Julius Axelrod

Julius Axelrod

American biochemist and pharmacologist, Nobel Prize laureate in physiology or medicine
Date of Birth: 30.05.1912
Country: USA

Biography of Julius Axelrod

Julius Axelrod, an American biochemist and pharmacologist, was born on May 30, 1912, in New York. He graduated from college in New York in 1933 with a Bachelor's degree and began working as an assistant in the bacteriology laboratory at the New York University Medical School. In 1935, while working as a chemist in the industrial hygiene laboratory, he enrolled in the medical faculty at the university.

In 1941, he completed his Master's degree and continued his research in the laboratory, where he met Professor Bernard Brodie. This encounter had a significant impact on Julius Axelrod's scientific career, as he eventually joined the Third Research Department of the New York University at the Goldwater Hospital, where Professor Brodie was already working.

In 1949, Axelrod and Brodie moved to the National Institute of Cardiology in the Department of Chemical Pharmacology. After four years, Axelrod became the lead chemist and two years later, he headed the Department of Pharmacology at the Clinical Trials Laboratory at the National Institute of Mental Health. In 1955, with the support of Paul Smith, a professor of pharmacology at George Washington University, he successfully defended his doctoral dissertation.

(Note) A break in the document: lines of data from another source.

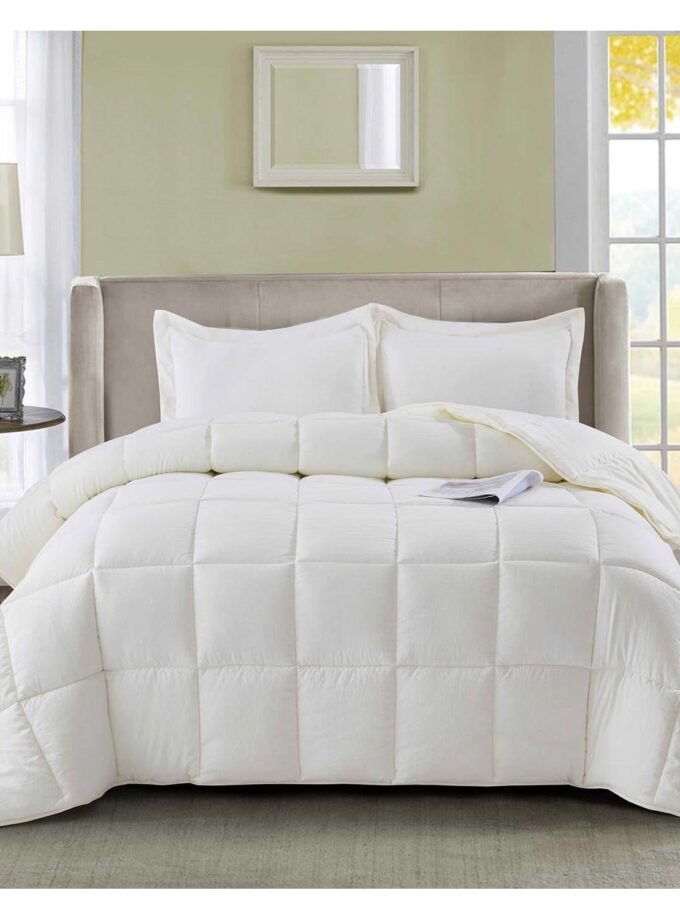 King Size Off White 3 Piece Microfiber Reversible Comforter Set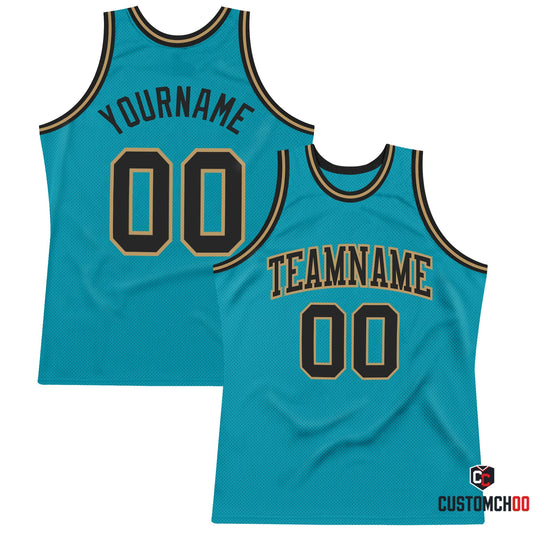 Custom Teal Black-Old Gold Authentic Throwback Basketball Jersey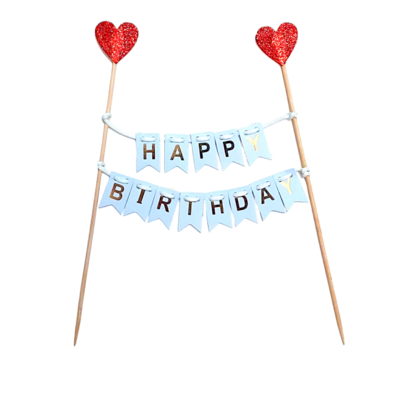 1PC Blue Paper Happy Birthday Bunting Banner Cake Topper with Shiny Glitter Red Hearts Paper Foam, Cake Insert, Kids Boys Birthday Party Theme, Cake Decoration Accessories, DIY Cake Decor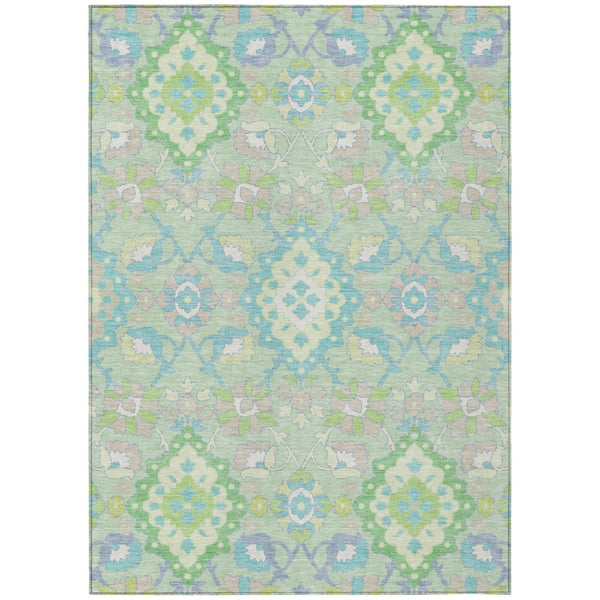 HomeRoots 5' Elegant Mint Green, Blue, and Ivory Oriental Area Rug - Durable, Washable for Indoor & Outdoor Use 10' X 14' 597703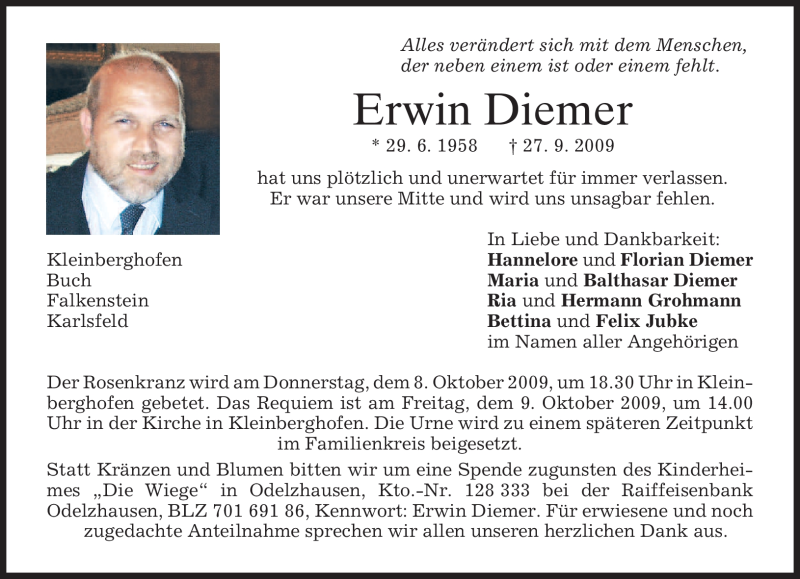  Traueranzeige für Erwin Diemer vom 06.10.2009 aus MERKUR & TZ
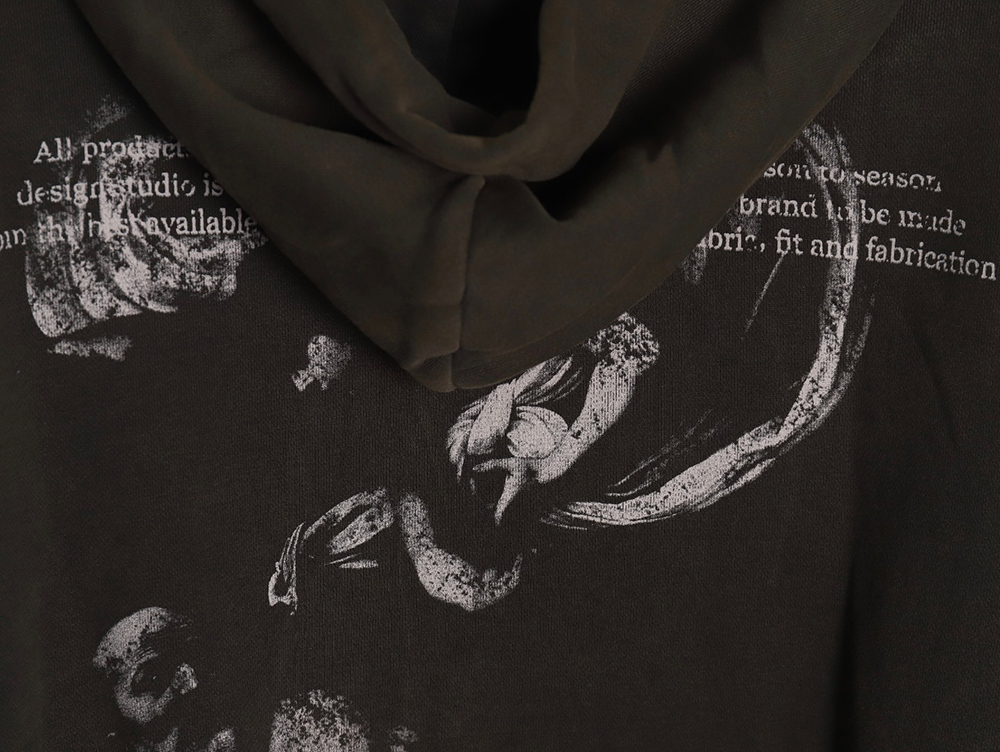 Off-white washed old man print hoodie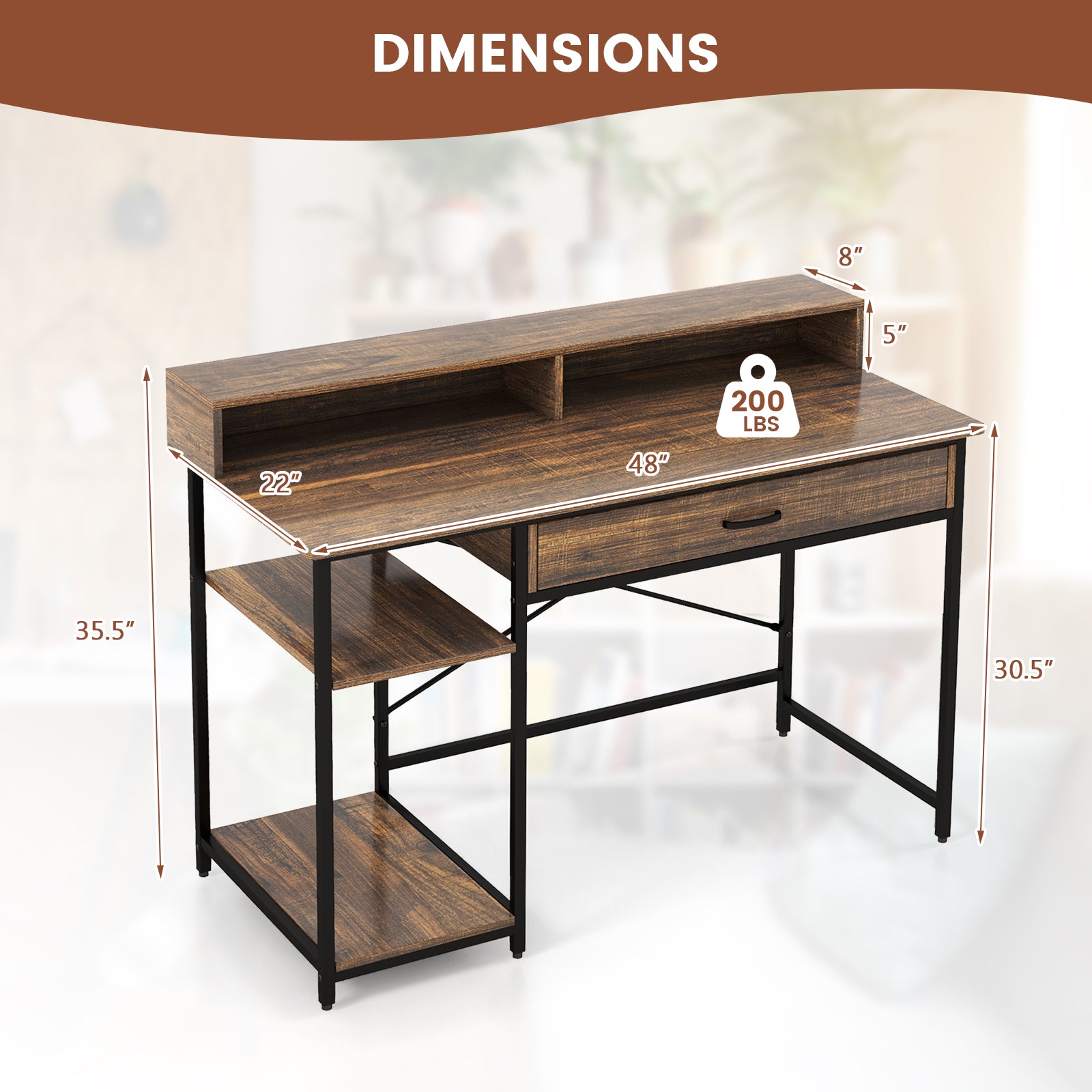 48 Inch Computer Desk With Monitor Stand, Drawer, Shelves, Rustic Brown Computer Desks at Gallery Canada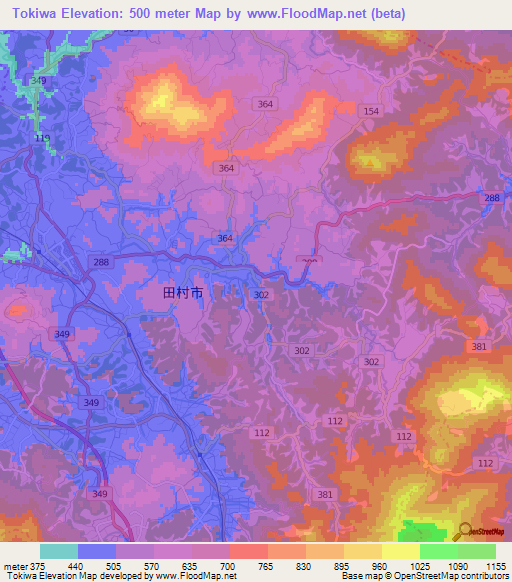 Tokiwa,Japan Elevation Map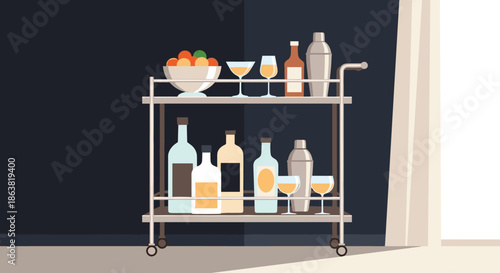 Stylish bar cart with a variety of alcoholic beverages, cocktail shakers, glassware, and a bowl of fruit, ready for a home party.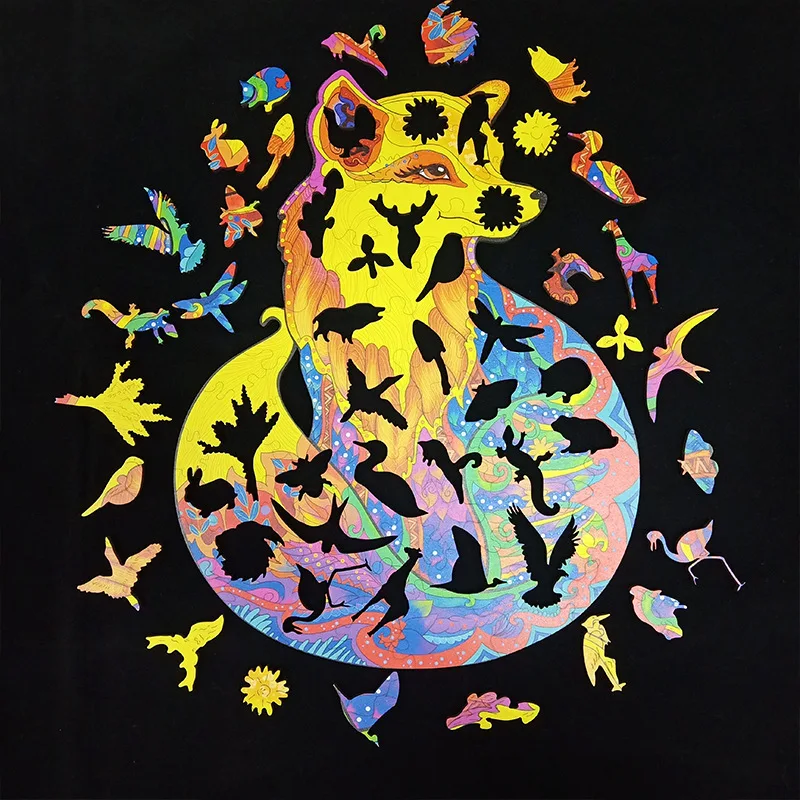 

Adults Wooden Jigsaw Animal Puzzle Mysterious Lion Jigsaw Puzzle Laser Jigsaw Mysterious Puzzle Toy For Xmas Gift 122pcs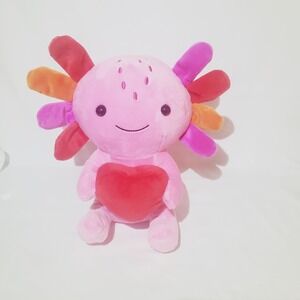 Hallmark Axolotl Plush Pink Stuffed Animal w Heart Valentine Multi-Color Gills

Axelrod's main research focus, along with Brodie, was on amphetamines, stimulants of the nervous system that are similar to catecholamine compounds, derivatives of pyrocatechin. These compounds actively participate in physiological and biochemical processes in the body. By the early 1950s, adrenaline had already been discovered from catecholamines, and in 1946, Swedish physiologist Ulf von Euler isolated norepinephrine, proving that it was the neurotransmitter of the nervous system. All catecholamines reflect and determine the state of the sympathetic division of the autonomic nervous system, play an important role in neurohumoral regulation, and participate in metabolism and adaptive reactions, ensuring the constancy of the internal environment and physiological functions.

When Axelrod became interested in stimulators of the nervous system, scientists had limited knowledge about the metabolism of catecholamines in the body. Through a series of studies, Axelrod isolated catechol-O-methyltransferase, one of the two enzymes responsible for the breakdown of catecholamines. In the course of further work, Axelrod and his group demonstrated that the impulse transmission through catecholamines ends with the beginning of their reuptake into the presynaptic fiber.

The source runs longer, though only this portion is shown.